§ **RECORDS FOR THIS TASK**
++++++
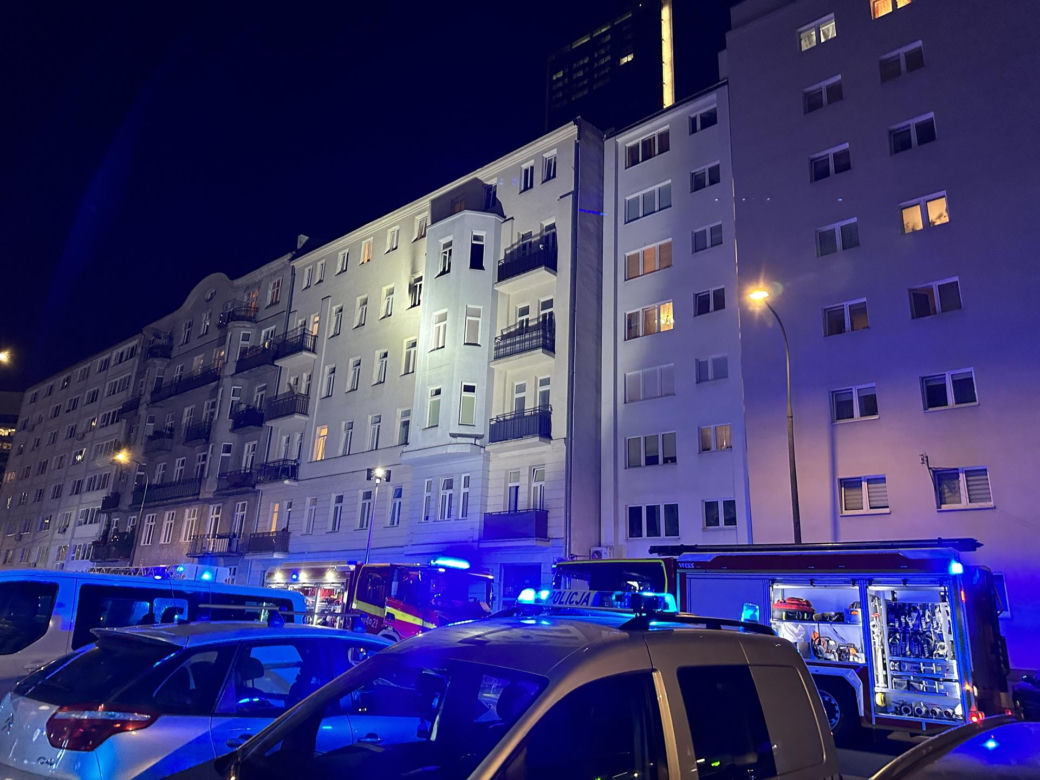 Pożar mieszkania w centrum Warszawy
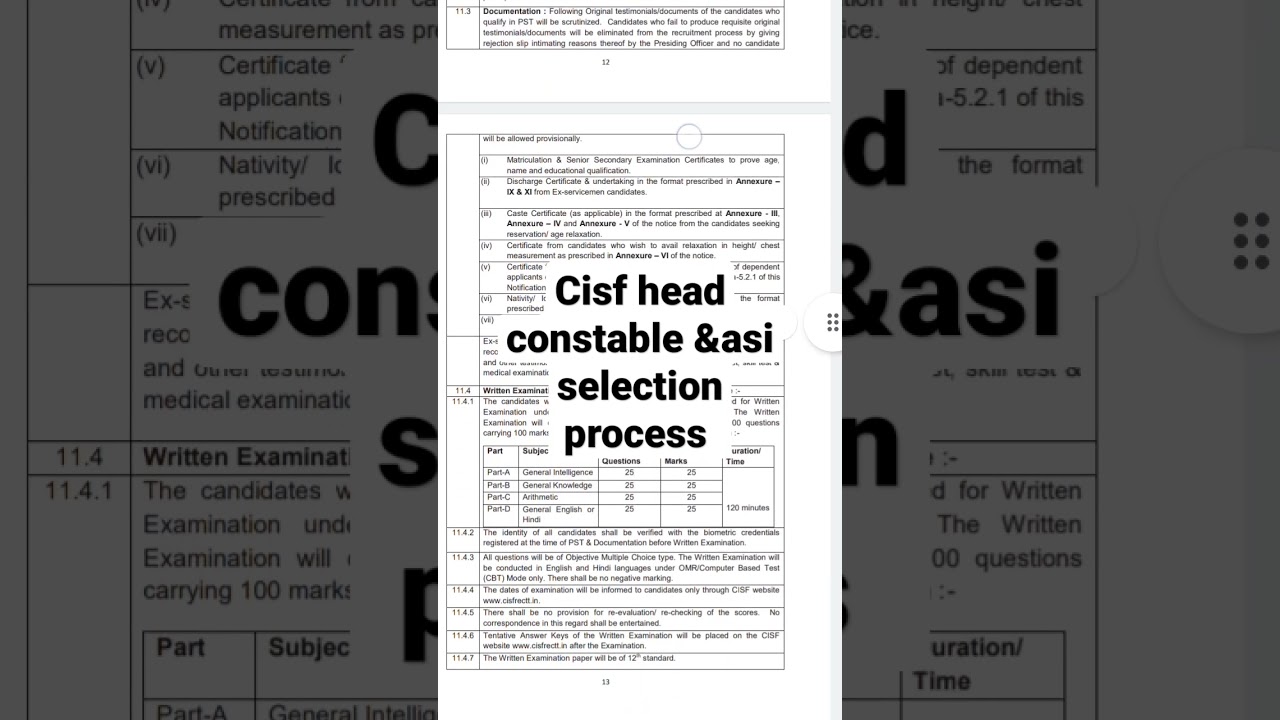 cisf head constable selection process 2022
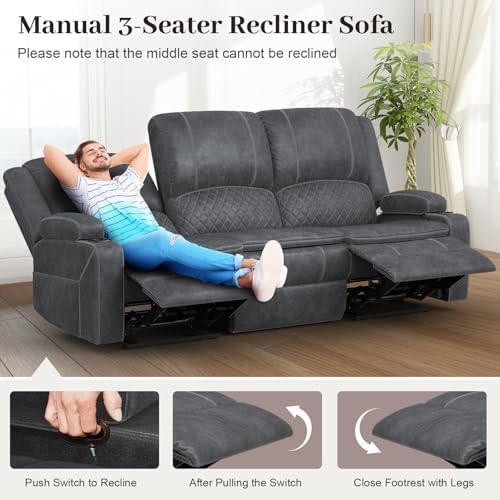 3+1+1 Seater Reclining Sofa Set, Reclining Couch Wall Hugger - Image 4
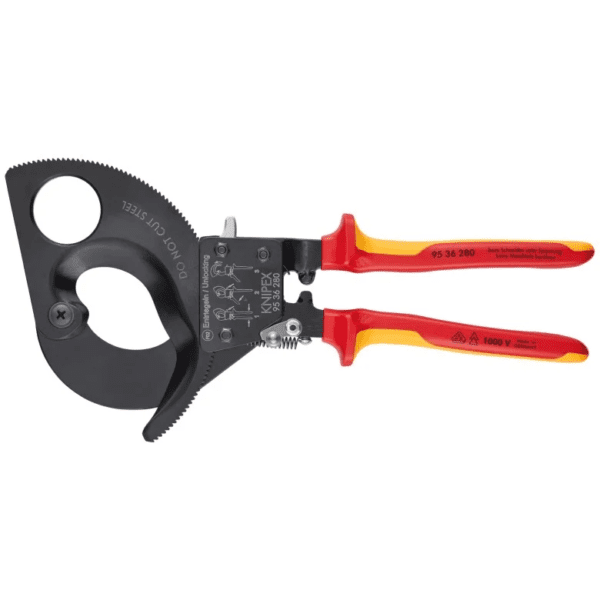 Photo of: KNIPEX 95 36 280 11" Ratcheting Cable Cutters-1000V Insulated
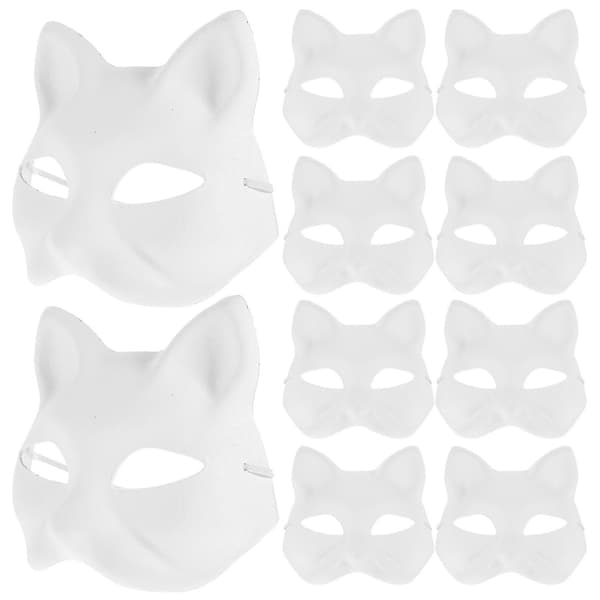 20 stk. blanke papirkatte masker, blanke masker til DIY håndmalede katte masker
++++++
§ **YOUR ASSIGNMENT**
Reproduce every line above as written, skipping pictures.

§ **WRITTEN ANSWER**
 Pożar mieszkania w centrum Warszawy
 cisf head constable selection process 2022
 3+1+1 Seater Reclining Sofa Set, Reclining Couch Wall Hugger - Image 4
 Photo of: KNIPEX 95 36 280 11" Ratcheting Cable Cutters-1000V Insulated
 20 stk. blanke papirkatte masker, blanke masker til DIY håndmalede katte masker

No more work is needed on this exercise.